No dia 10 de novembro de 2009, mais de 60 milhões de pessoas ficaram sem energia em todo o país. Ao todo, o prejuízo causado ultrapassou o valor de 1 bilhão de reais. E esse foi apenas um dos treze grandes blecautes nos últimos dez anos.

O Brasil tem um longo histórico de apagões e a perspectiva para os próximos anos não é muito animadora. 

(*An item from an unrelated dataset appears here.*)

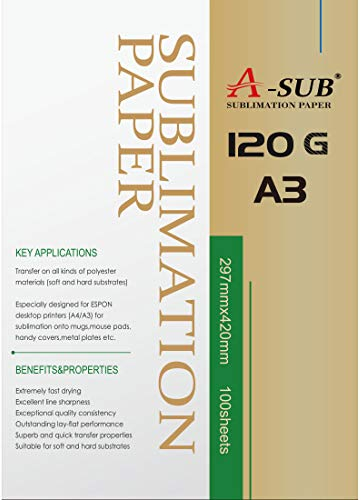 A-SUB Papier de sublimation A3, 297x420 mm, 100 feuilles, 120 g/m², Compatible avec les imprimantes à sublimation EPSON, SAWGRASS, RICOH, BROTHER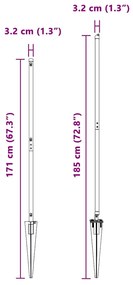 Conjunto de Postes de Cerca Manual 7 pcs Cinzeto Ø32mm 160 cm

Altas temperaturas, muita demanda por energia, diminuição dos níveis de água nas principais reservas do país e falta de planejamento. Esses são alguns motivos que podem levar o setor elétrico brasileiro à uma grande crise. Para se ter ideia da dimensão do problema, 2015 têm registrado temperaturas recordes em todo o país, como no Distrito Federal, que está passando pelo ano mais quente de sua história.

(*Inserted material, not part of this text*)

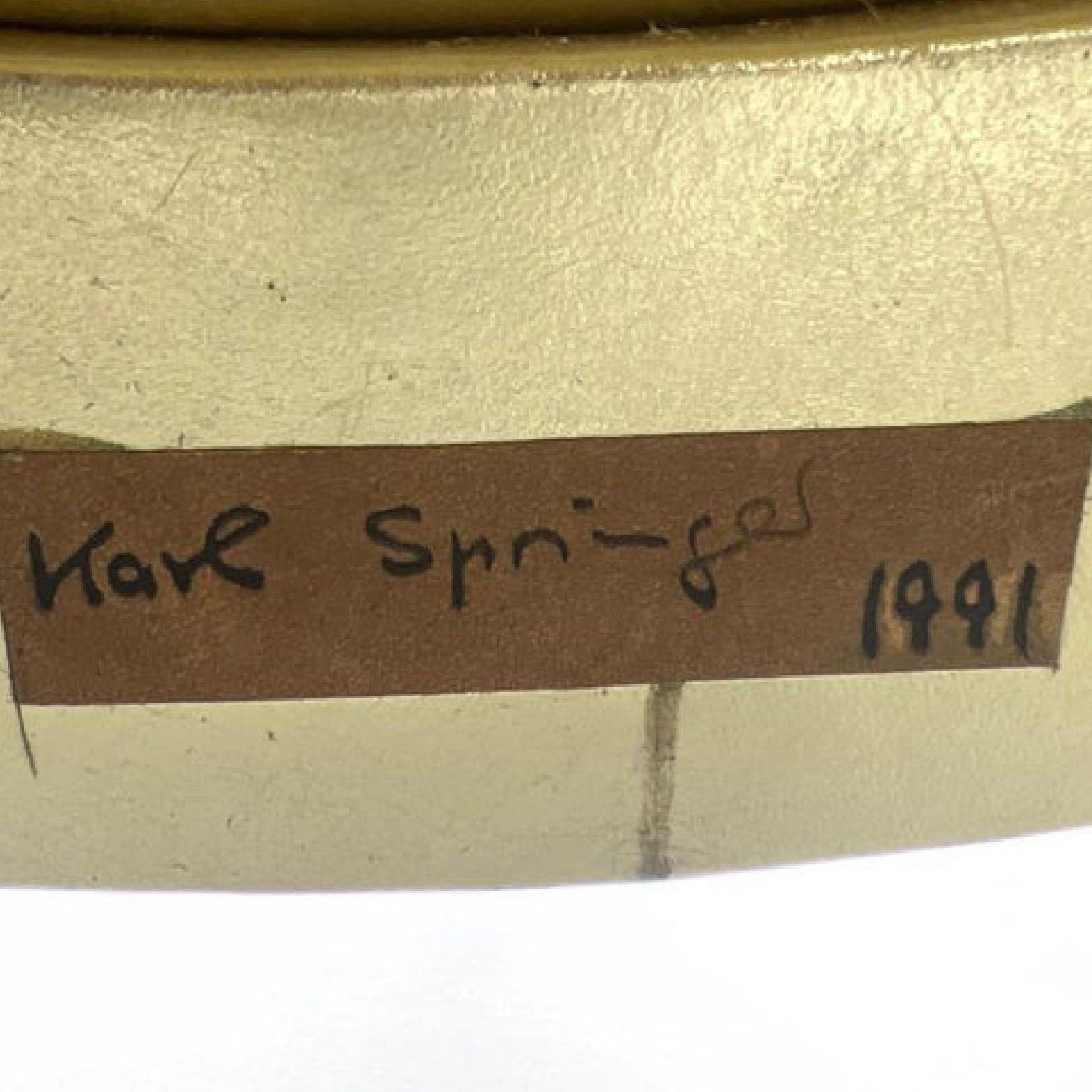 Karl Springer Tulpen-Sessel aus vergoldetem Leder, signiert, 1991, Gold, USA. im Angebot 5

A cada ano, nós, brasileiros, usamos mais energia elétrica. Além disso, o nível de chuvas nos próximos meses é incerto, o que deve afetar o nível dos reservatórios hídricos, principalmente no Sudeste. 

Para evitar que uma grande crise elétrica aconteça mais uma vez em nosso país, o Tribunal de Contas da União realizou um levantamento nos principais órgãos e empresas do país da área de energia. O TCU avaliou a atuação do Ministério de Minas e Energia (MME), da Agência Nacional de Energia Elétrica (Aneel), das Centrais Elétricas Brasileira S.A. (Eletrobras), da Empresa de Pesquisa Energética (EPE) e do Operador Nacional do Sistema Elétrico (ONS).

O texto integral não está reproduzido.